Thursday, February 2, 2017

Helen Waddell on Prudentius: The Wandering Scholars

Helen Waddell on Prudentius: The Wandering Scholars


My first introduction to medieval Latin verse was through Helen Waddell’s “The Wandering Scholars”.   

“It is characteristic that Prudentius should begin his Book of Hours with a song for cock- crow, for the simplicity, the clarity of his verse has something of that knife-edge cleaving of the darkness. He came to poetry late, after a lifetime of law and of high office under Theodosius, the great Spanish gentleman whose life "lies like a ruined sea-wall amidst the fierce barbarian tide."  At fifty-seven, Prudentius renounced the world: entered the cloister, and with it the kingdom of heaven. He has the directness, the closeness to the object that is part of the physical necessity of childhood, and the experienced wisdom of old age.
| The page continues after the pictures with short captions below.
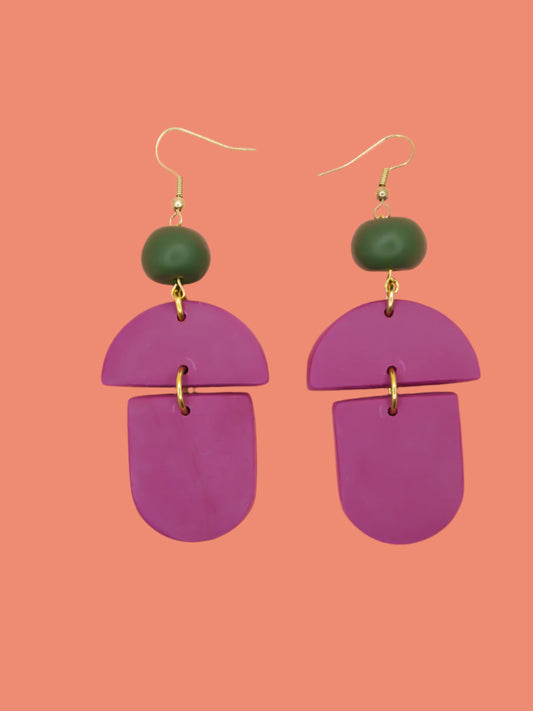 Geometric lightweight dangle statement earrings in magenta arch and semi circles with a hand rolled green bead hung from gold plated nickel free ear wires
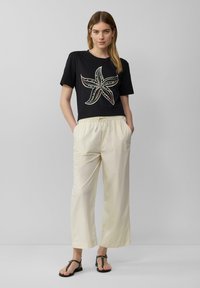 Zwarte crop t-shirt met een kleurrijke zeester ontwerpen; crème wijde broek; zwarte platte sandalen met een band, handen in de zakken.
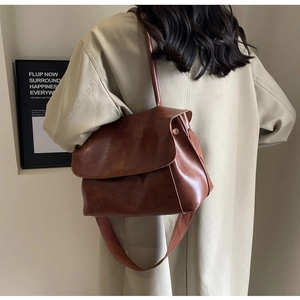 Braune Vintage-Einkaufstasche mit breitem Gurt am Modell zur Inhaltsdarstellung
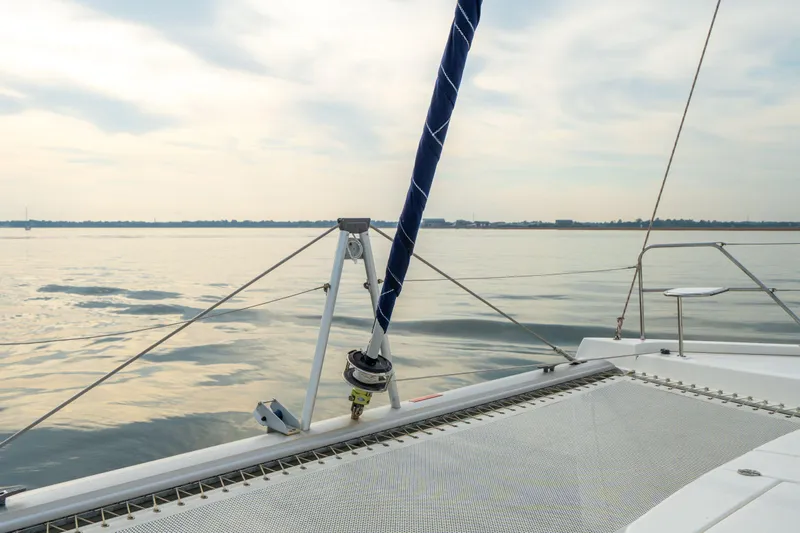 Grace Yacht Photos Pics Sailing on a 2016 Leopard 48 catamaran, calm waters, and serene sky.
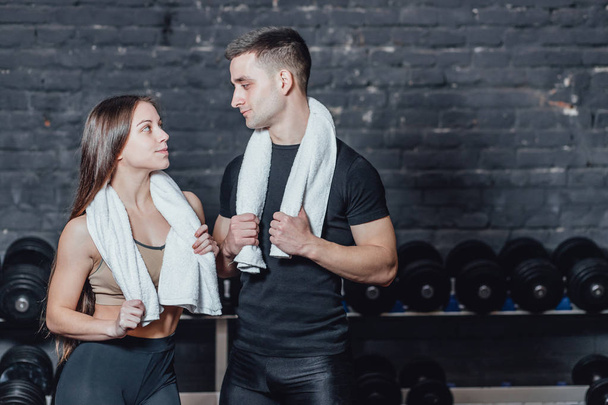 Young sporty couple guy and girl standing in gym. During this, the white scumbag is held on the neck. - Фото, изображение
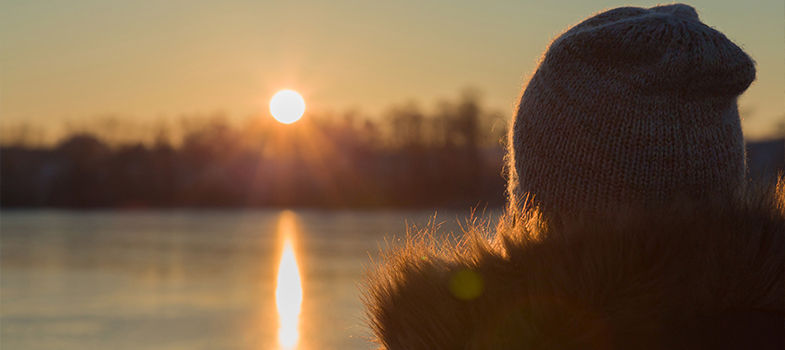 Person in a knit hat and fur collar смотрing a golden sunset over a calm lake, with trees silhouetted behind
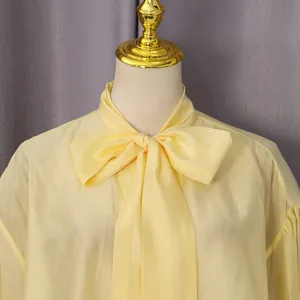 Primer plano detallado de una elegante blusa amarilla con lazo en tela ligera y transpirable
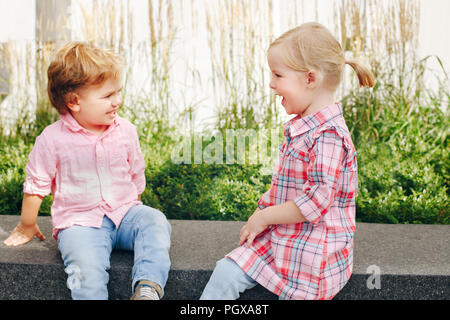 Group Portrait von zwei weissen Kaukasischen cute adorable lustig Kinder Kleinkinder sitzen zusammen reden lächelnd. Liebe Freundschaft fun Konzept. Bester Freund Stockfoto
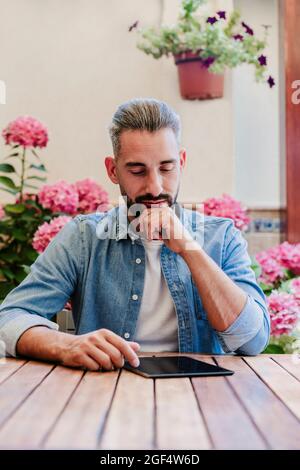 Male freelance worker using digital tablet at desk Stock Photo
Prudentius is not an innovator; Ambrose was before him in rhythm, Hilary in rhyme. But his verse has more of the swiftness of the lyric, less the tread of the processional chant. His Hymn for Morning is even the first aubade, though its cry is to the faithful heart, rather than to the sleeping lover. And in his Book of Martyrs he unlocks the treasure of the Golden Legend, the Lives of the Saints that Anatole France knew for the last and secret hiding place of romance. It was a long time before love captured the chansons de geste, of which the lives of the strong saints, the "Athletes of God," are the forerunners: but here it waits on the very threshold, the basket of red roses which the virgins trample under foot. The Church might decry bodily beauty, but not in the persons of its saints, and the first love scenes are the pleading of kings' sons and emperors with these fair women, vowed to the Eternal Lover”.